The choreographer Mark Morris, long celebrated for the depth of his musicality, brings a program of dances set to American music, jazz, country and experimental works alike, to the stage, an expression of his lifelong conviction that all music deserves to be taken seriously.

Few choreographers listen as closely to music as Mark Morris. For more than four decades, the American dancemaker has built a body of work grounded in the conviction that dance should not sit on top of music but emerge from it, and his latest program, a set of dances drawn from the breadth of American music, is a distillation of that belief.

Morris, one of the most admired choreographers of his generation, [has turned to the range of American song and sound](https://www.nytimes.com/2026/07/17/theater/mark-morris-dances-to-american-music.html), from early jazz to country to the work of the country's more experimental composers. The result is less a single piece than a kind of map of American music, translated into movement by an artist known above all for the acuity of his ear.

## A lifelong musicality

Born in Seattle in the 1950s, Morris grew up steeped in music, and founded his company, the Mark Morris Dance Group, in 1980. Over the years it has produced a large and varied body of work, setting dances to composers as different as Bach and Handel on the one hand and popular and vernacular musicians on the other. What unites them is Morris's approach: he studies a score, finds the rhythms and feeling already within it, and makes them visible in the bodies of his dancers.

That method has earned him a reputation as perhaps the most musical of living choreographers, an artist for whom the relationship between sound and movement is not decorative but structural. A phrase of music becomes a phrase of dance; the architecture of a song is echoed in the shapes on stage.

## Taking vernacular music seriously

What is striking about a program built on American music is the seriousness with which Morris treats forms sometimes dismissed as merely popular. Jazz, with its syncopation and swing, and country, with its plainspoken storytelling of love and loss, are given the same careful attention he brings to the classical canon. In Morris's hands, a country ballad is not a novelty but a small drama, worthy of being danced.

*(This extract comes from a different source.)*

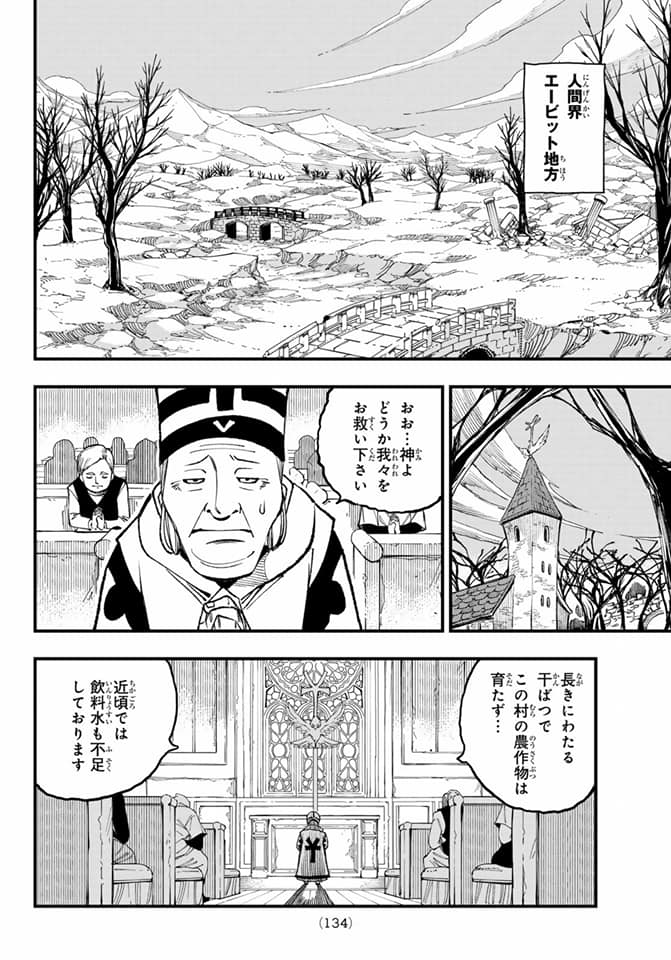 Read Dead Rock ES Manga Online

That inclusiveness is a hallmark of his sensibility. He has never drawn a sharp line between high and low, treating the whole span of music as a single, rich resource. To set dances to Gershwin and to the sounds of the American heartland in the same breath is, for him, entirely natural.

## More than performances

Morris's influence extends beyond the stage. He has built an institution around his company, including a centre that offers dance education and space to the wider community, reflecting a belief that dance should be part of ordinary life and not only the preserve of the elite. His work has been performed around the world, and his approach has shaped how a generation of choreographers thinks about the bond between music and movement.

For audiences, a program of dances to American music offers both pleasure and a gentle argument: that listening deeply is a discipline, that the country's musical heritage is vast and various, and that in the right hands the human body can become, in effect, another instrument, giving visible form to what the ear alone might miss.

At a time when so much culture is consumed quickly and half-attentively, Morris's insistence on truly hearing the music, and on honouring every kind of it, feels less like nostalgia than a quiet act of resistance. In setting America's songs in motion, he reminds us how much there is to hear, and to see.